Wizards z dodatnim bilansem, 6 punktów Marcina Gortata

Washington Wizards znów zaskakują. Stołeczni po sensacyjnej wygranej z OKC Thunder, ograli tym razem Portland Trail Blazers.

To, czego wszyscy tak długo wyczekiwali wreszcie stało się faktem. Podopieczni Randy'ego Wittmana wbrew statystykom i powszechnej opinii, uporali się z dwoma czołowymi zespołami Konferencji Zachodniej i po raz pierwszy od 31 grudnia 2009 roku mogą się pochwalić dodatnim bilansem (24-23). Skazywani na pożarcie udowodnili o swoim potencjale, najpierw pokonując Oklahomę City Thunder, a teraz rewelację sezonu - Portland Trail Blazers.

Kluczem do sukcesu w poniedziałkowym spotkaniu okazała się konsekwencja i rozwaga. Miejscowi z Verizon Center w przekroju całego pojedynku popełnili zaledwie 6 strat, przy 16 rywali, a ponadto przechwycili 10 piłek. Zaledwie 3 drużynowe przechwyty zanotowali ich rywale, którzy zostali zdominowani szczególnie w trzeciej kwarcie. Wizards wyszli po przerwie bardzo zmotywowani i wygrywając ten fragment gry 26:14, otworzyli sobie drogę do wygranej w całym meczu.

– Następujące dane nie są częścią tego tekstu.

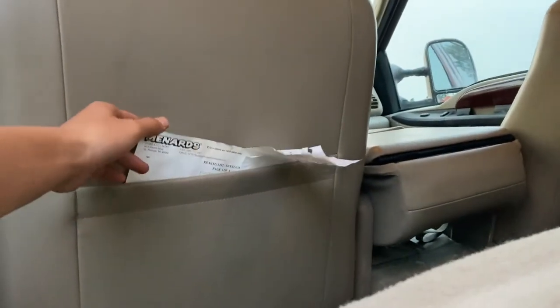In the back of the truck, nothing in the pockets besides receipts from Menards. And yeah, that is it — that's all we got. It's kind of messy.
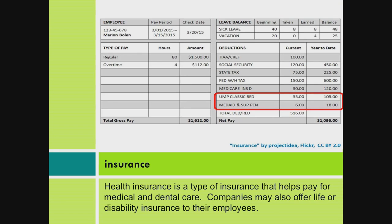Insurance. Health insurance is a type of insurance that helps pay for medical and dental care. Companies may also offer life or disability insurance to their employees.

Kto wyszedł obroną ręką w pojedynku dwóch rozgrywających na poziomie All-Star? Trudno ocenić. Damian Lillard uzbierał 25 punktów, 8 asyst oraz 6 zbiórek, ale jego PTB schodzili z parkietu na tarczy. John Wall skompletował natomiast 22 "oczka", rozdał 5 piłek i zanotował 5 zbiórek, jednocześnie będąc najlepszym strzelcem swojej drużyny. - To tylko jeden mecz z wielu, ale tak - daje nam odetchnąć. Mamy większe cele, aby utrzymać zwycięską passę i spróbować z powrotem nie spadać w dół - mówił rozgrywający Wizards.

35 minut na parkiecie spędził Marcin Gortat. Polak oddał w tym czasie 7 rzutów z gry. Trafił 3, co dało mu ostatecznie 6 punktów. Łodzianin był najlepiej zbierającym graczem po stronie miejscowych - 11 zbiórek, w tym 4 na atakowanej tablicy. 29-latek dodał jeszcze 5 asyst i jeden przechwyt.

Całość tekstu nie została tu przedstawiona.